Task statement: Exactly reproduce the lines of the listing below from the one containing "foyer with ceiling fan and crown molding" through the one containing "Grijze bank met". Skip the images.

Given data:
------

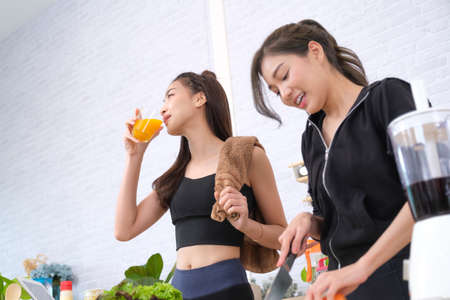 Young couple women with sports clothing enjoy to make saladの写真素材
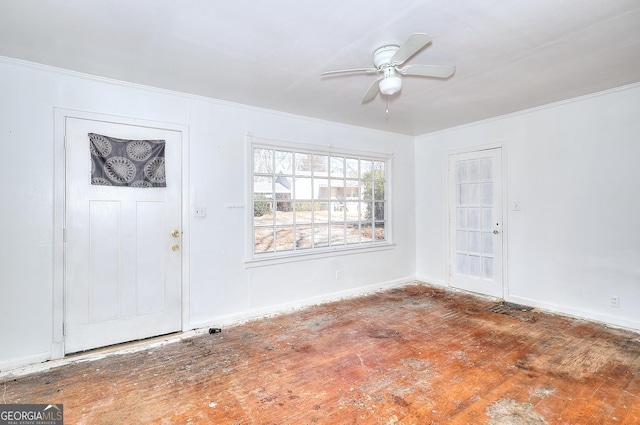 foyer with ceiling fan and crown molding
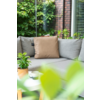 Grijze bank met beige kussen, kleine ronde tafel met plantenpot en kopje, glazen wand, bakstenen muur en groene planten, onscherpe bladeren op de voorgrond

------

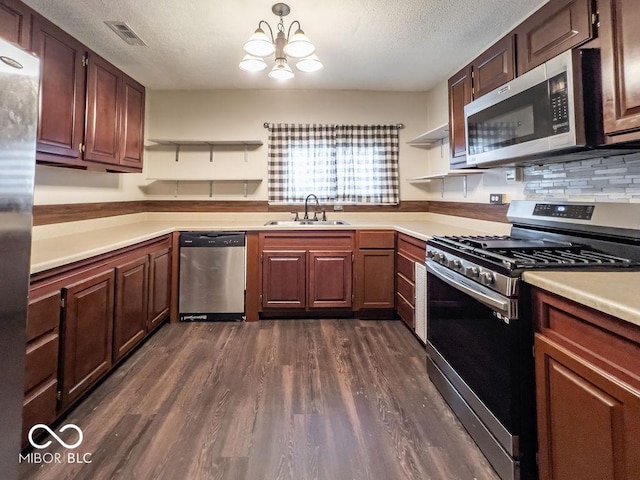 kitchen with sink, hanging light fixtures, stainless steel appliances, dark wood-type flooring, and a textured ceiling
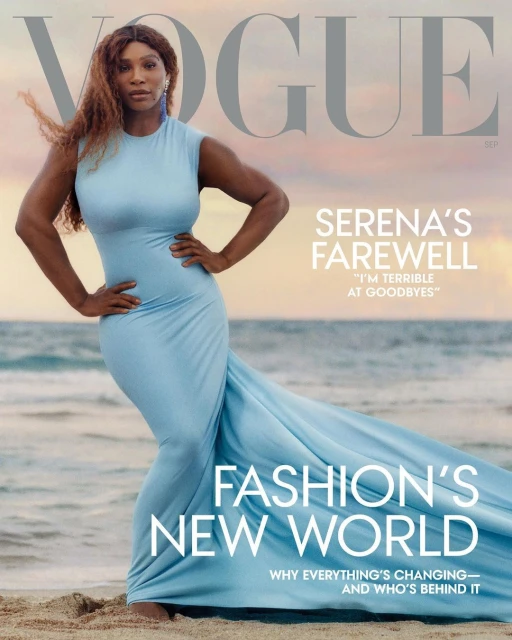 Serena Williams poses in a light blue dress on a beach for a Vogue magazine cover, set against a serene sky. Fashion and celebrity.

------

The answer:
 foyer with ceiling fan and crown molding
 Grijze bank met beige kussen, kleine ronde tafel met plantenpot en kopje, glazen wand, bakstenen muur en groene planten, onscherpe bladeren op de voorgrond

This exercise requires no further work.